Here’s an email I sent recently to Brad Rieger, the Superintendent of Sylvania Schools (and an all around pleasant and very smart fellow.) I thought it was worth sharing:

Hello Brad,

I’ve been giving some thought to the Newtown tragedy, and to the debate about whether to allow arming of teachers or posting of armed security guards in schools. In my opinion as a parent and CCW permit holder, there may be safer and more cost-effective means of defending a school against an armed assailant than firearms. I thought I’d run this suggestion by you to get a professional educator’s opinion, and in the hopes you’d spread this idea among your colleagues to solicit their opinions as well.

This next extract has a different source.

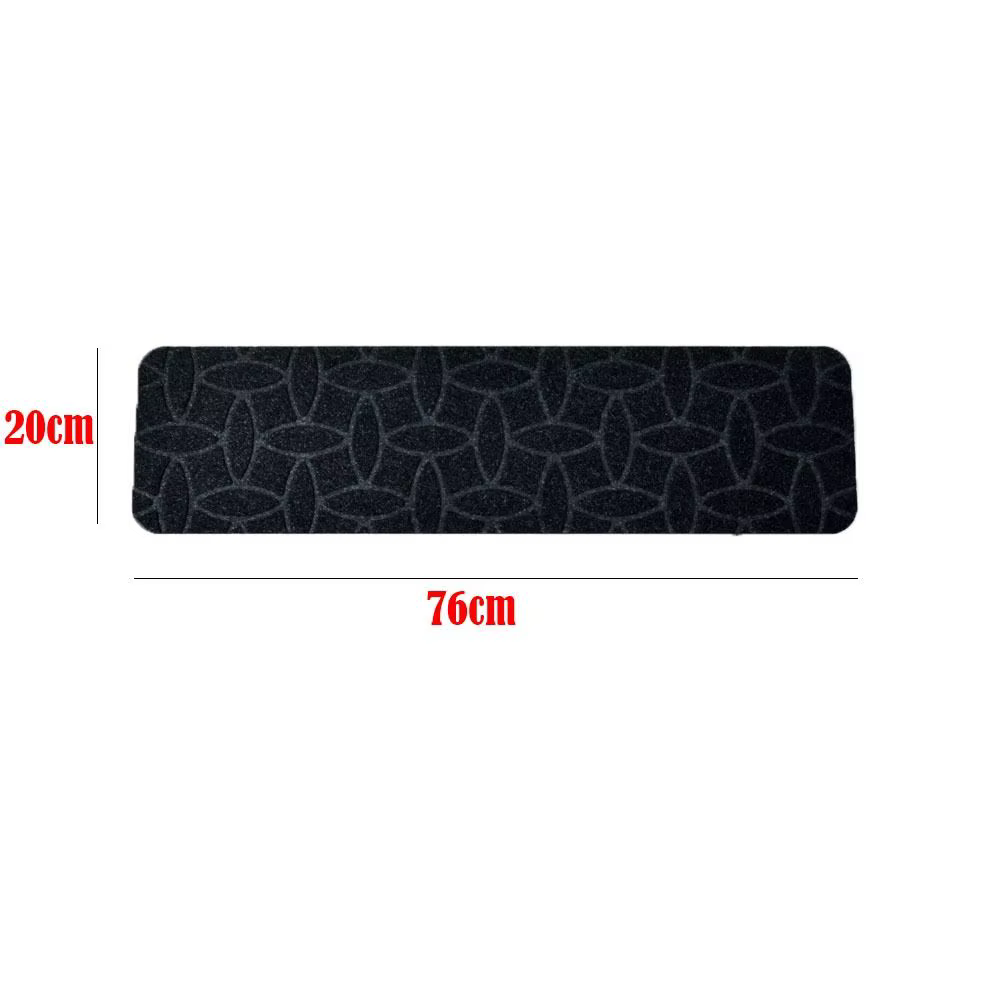 Nouveau tapis d'escalier auto-adhésif antidérapant 76x20cm, tapis de marche d'escalier, tapis de sécurité souple à rayures, tapis de porte, décoration intérieure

In particular, I’m thinking of devices such as the Torch, the Inferno (also see Wired’s article), the Dazzler (or an open-source variant), “less lethal” weapons or paintball markers, and others. These devices can be quite inexpensive — For example, the Torch is $199 and puts out 4400 lumens. (350 lumens is enough to blind an attacker for a second or two after exposure, even in broad daylight.) They also have other notable advantages, in particular, they are easier to aim for effect than a firearm, they require little (if any) specialized training, and they pose little or no threat of permanent injury or death to the students. If devices like these were placed in strategic locations throughout a school, the entire staff and/or student body could actively participate in their own defense against an armed intruder.

Please let me know what you think about this general idea when you get the chance. I’ll be looking forward to hearing from you.


Update: The WP put up an article a few days back on Pennsylvania schools hiring armed security guards.

Update: The Toledo Blade put up a similar article about the schools in Montpelier, Ohio arming their janitors.